Chapter 2, "Knowing as Attunement," appropriates the metaphor of a radio dial: humans must be properly attuned to God's purposefully available evidence. Here Moser even gives his own argument for God's existence in which an individual's willing, unselfish reception of the divine transformative gift evidences a worship-worthy God (p. 135). A biblical epistemological stance calls for wholehearted seeking--not merely passive, casual observation. In setting the "dials" our way, we will create barriers to truly knowing God as he desires to be known.

Chapter 3, "Dying to Know," speaks of the value of personal knowledge (something reminiscent of Michael Polanyi) as veridical evidence for God, the second-best kind of such evidence being firsthand acquaintance with persons transformed by God's Spirit. Moser here contrasts the wisdoms of Athens (tied to propositionalism, intellectualist enlightenment, postmortem soul-disembodiment as ideal) and Jerusalem (involving personal knowledge, forgiveness/reconciliation with God, eventual bodily resurrection).

Chapter 4, "Philosophy Revamped," calls for reorienting philosophy around what is ultimate namely, the commands to love God and others. This means that rather than being an ivory-tower, abstract, relationally-irrelevant, and often idolatrous discipline, philosophy should be kerygmatic--namely, concerned about the interests of God's redemptive purposes and up-building of the transformed community of God's people.

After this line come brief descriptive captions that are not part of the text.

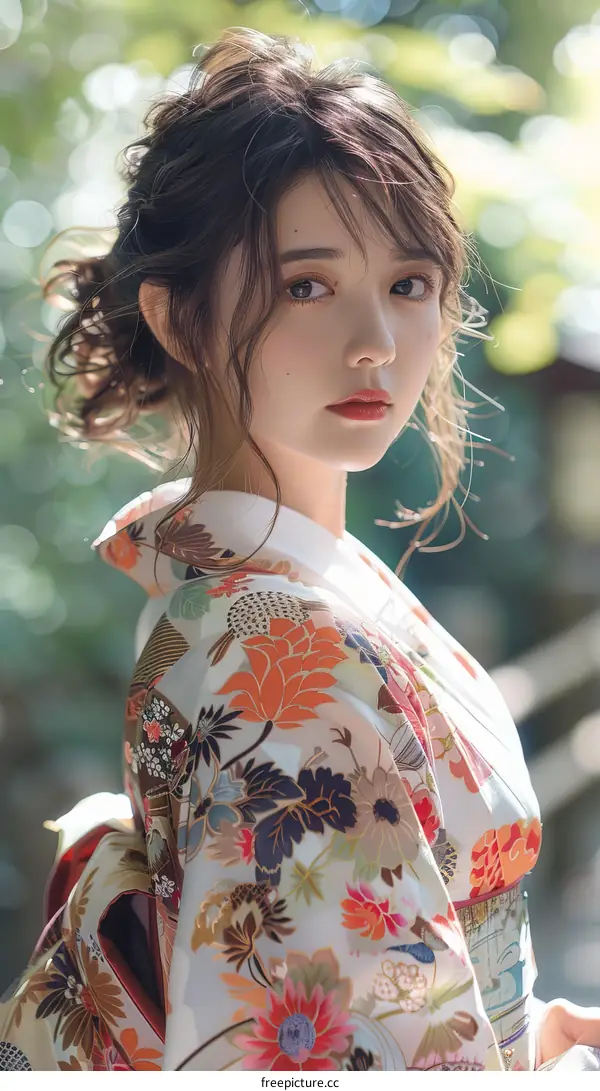 Beautiful Asian Woman in Traditional Japanese Kimono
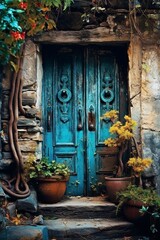 Fototapeta na wymiar Blue door on the old house, created with generative AI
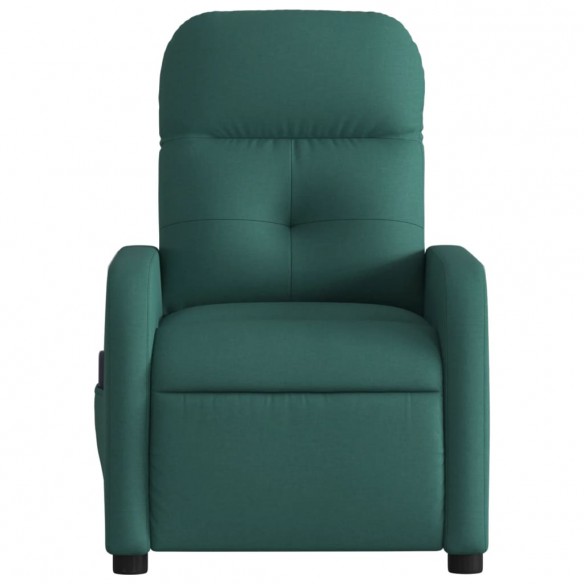 Fauteuil de massage inclinable Vert foncé Tissu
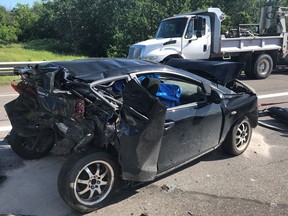 Paramedics responded to a collision on Regional Road 174 eastbound, just west of the Sir George-Étienne-Cartier Parkway, on Friday.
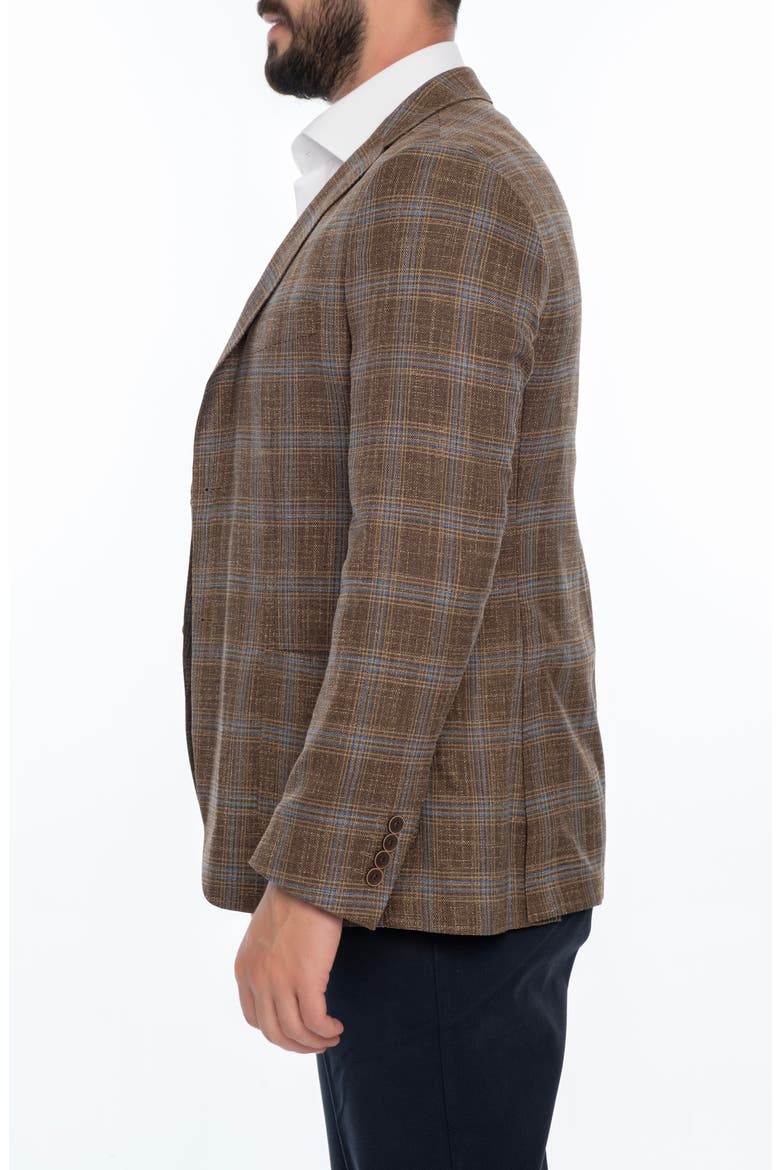 Plaid Sport Coat, Alternate, color, DARK BROWN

Philosophy (the love of wisdom) should pay more attention to Jesus, the wisdom of God.

Chapter 5, "Aftermath," speaks of the importance of evidence (contra Plantinga's Reformed epistemology)--but without coercion. In light of inevitable death and the hopelessness of materialism, we must recognize our need for outside help; the gift of fellowship with God, our greatest good, involves willingly entrusting ourselves to him rather than living lives morally independent of him.

Some natural theologians will dispute the spectator-evidence versus divinely-authoritative-purposeful-evidence demarcation: (a) significant "spectator evidence" for God's existence, though secondary and not ultimately authoritative, is abundant in Scripture (for example, many miracles fitting into the "divine pyrotechnics" category); (b) such evidence can be, and has been, used by God in combination with--and here Moser's emphasis is critical--a willing, seeking heart open to relationship with God. Moser's observation, however, that natural theologians "often leave their inquirers without an authoritative volitional challenge" (p. 161) is spot-on.

Truly, Moser has done philosophy--and natural theology in particular--an immense service by pointing us in a new, exciting direction. Indeed, his book is a must-read for every philosopher and theologian!--Paul Copan, Palm Beach Atlantic University.